Show that $$ \omega(R(v)w_1,w_2,w_3)+\omega(w_1,R(v)w_2,w_3)+\omega(w_1,w_2,R(v)w_3) = 0 $$ for all $v\in\mathfrak g$ and $w_i\in\mathbb R^n$.
It looks to me like somehow differentiating the first equation and ending up with the second but to apply the exterior derivative of a k-form we need another representation. Another thought was using the relation $$ \omega(\rho(g)w_1, \rho(g)w_2, \rho(g)w_3) = \det(\rho(g))\omega(w_1,w_2,w_3) $$ thus we see that $\det(\rho(g))=1$ by the first equation and we get $R(v)$ has trace zero.

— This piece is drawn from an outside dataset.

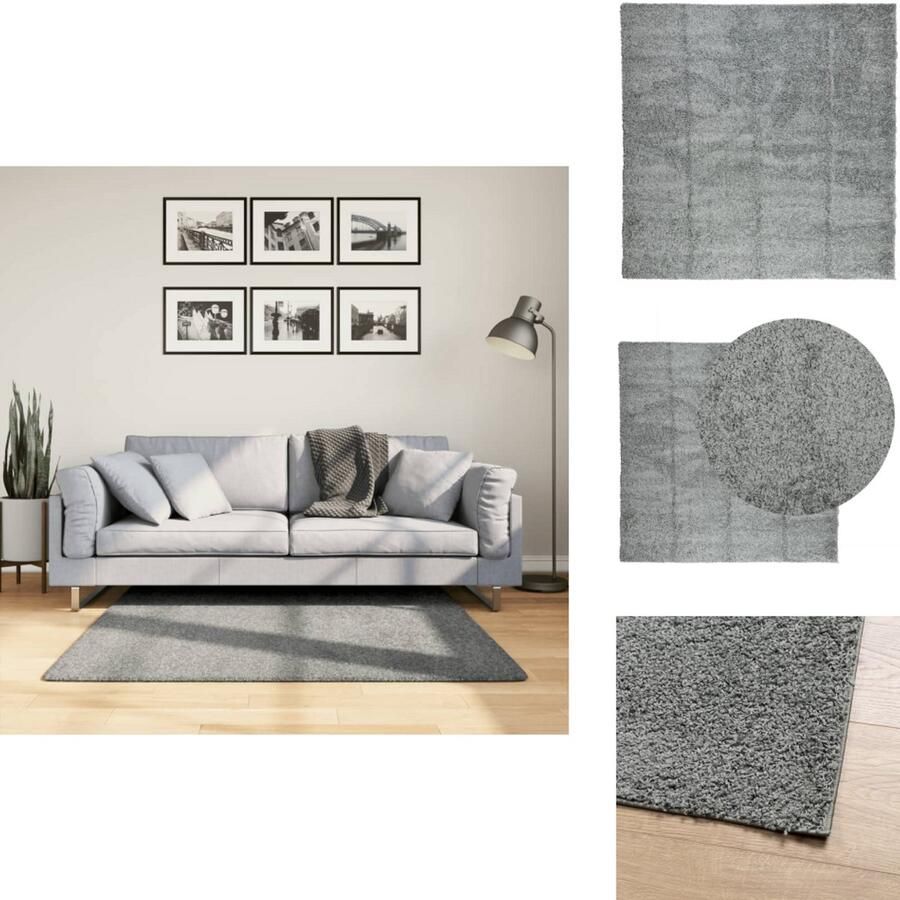 The Living Store PAMPLONA Shaggy vloerkleed 120 x 120 cm Groen 100% polypropeen 30 mm poolhoogte Shaggy Vloerkleed Groen Woonkamer Tapijt Slaapkamer Tapijt Living Room Rug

Any help would be very much appreciated. :-)
If $v\in\mathfrak g$ and $t\in\mathbb R$, then$$\omega\bigl(\rho(e^{tv})w_1,\rho(e^{tv})w_2,\rho(e^{tv})w_3\bigr)=\omega(w_1,w_2,w_3).$$Differentiating both sides at $t=0$, you get$$\omega\bigl(R(v)w_1,w_2,w_3\bigr)+\omega\bigl(w_1,R(v)w_2,w_3\bigr)+\omega\bigl(w_1,w_2,R(v)w_3\bigr)=0.$$